GIVEN DATA »
......

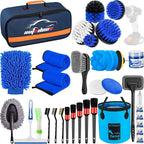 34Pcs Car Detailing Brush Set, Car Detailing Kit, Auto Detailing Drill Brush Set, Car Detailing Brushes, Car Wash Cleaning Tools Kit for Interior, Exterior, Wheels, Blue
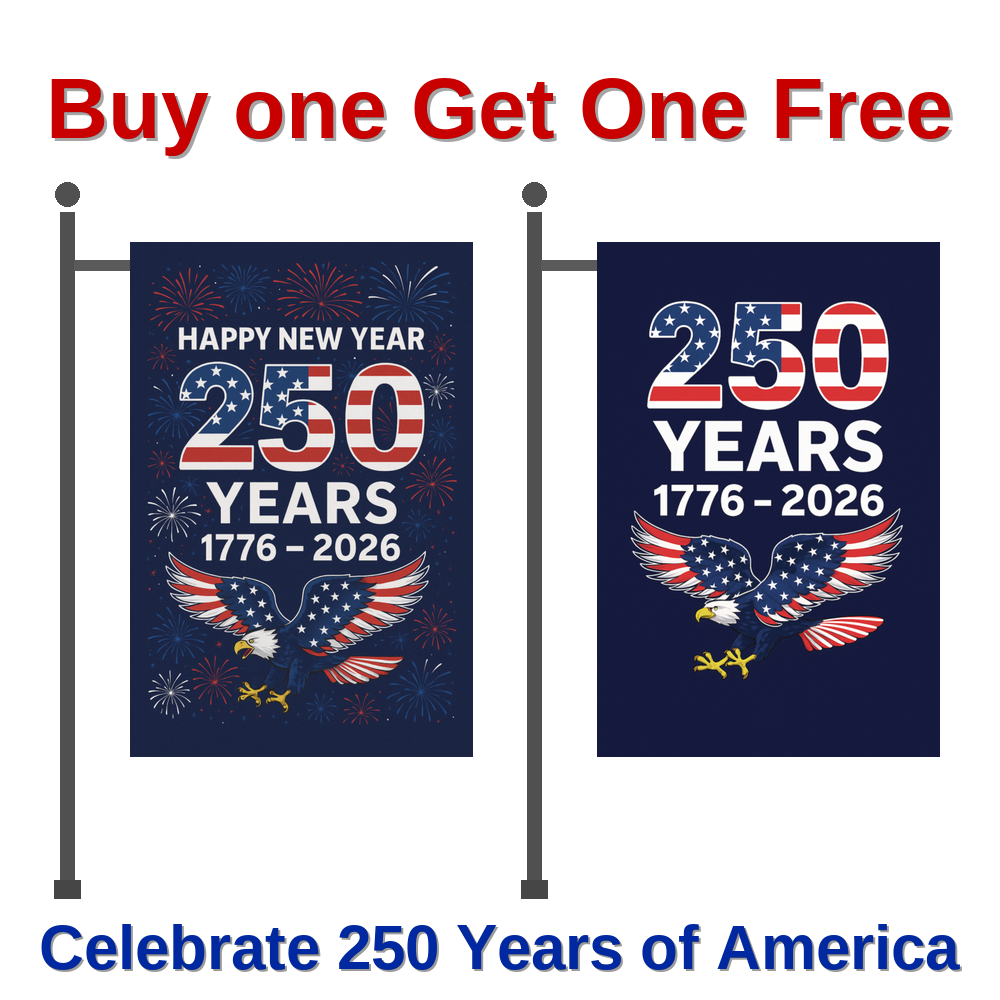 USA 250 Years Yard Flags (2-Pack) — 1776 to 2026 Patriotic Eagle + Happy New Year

......

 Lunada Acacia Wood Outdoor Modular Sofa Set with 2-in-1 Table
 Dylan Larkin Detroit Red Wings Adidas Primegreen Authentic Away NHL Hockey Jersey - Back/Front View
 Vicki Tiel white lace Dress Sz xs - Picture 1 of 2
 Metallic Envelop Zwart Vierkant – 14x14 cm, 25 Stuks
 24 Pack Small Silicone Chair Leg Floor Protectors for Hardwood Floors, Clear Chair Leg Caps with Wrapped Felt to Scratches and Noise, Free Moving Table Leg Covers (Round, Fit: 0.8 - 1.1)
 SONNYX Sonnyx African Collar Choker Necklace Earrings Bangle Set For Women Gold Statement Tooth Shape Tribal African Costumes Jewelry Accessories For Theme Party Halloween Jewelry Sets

......

EXERCISE INSTRUCTIONS » With the line holding "Dylan Larkin Detroit" as the first and the line holding "Metallic Envelop Zwart" as the last, please transcribe exactly the lines of the material above in that range and nothing else.

WRITTEN ANSWER »
 Dylan Larkin Detroit Red Wings Adidas Primegreen Authentic Away NHL Hockey Jersey - Back/Front View
 Vicki Tiel white lace Dress Sz xs - Picture 1 of 2
 Metallic Envelop Zwart Vierkant – 14x14 cm, 25 Stuks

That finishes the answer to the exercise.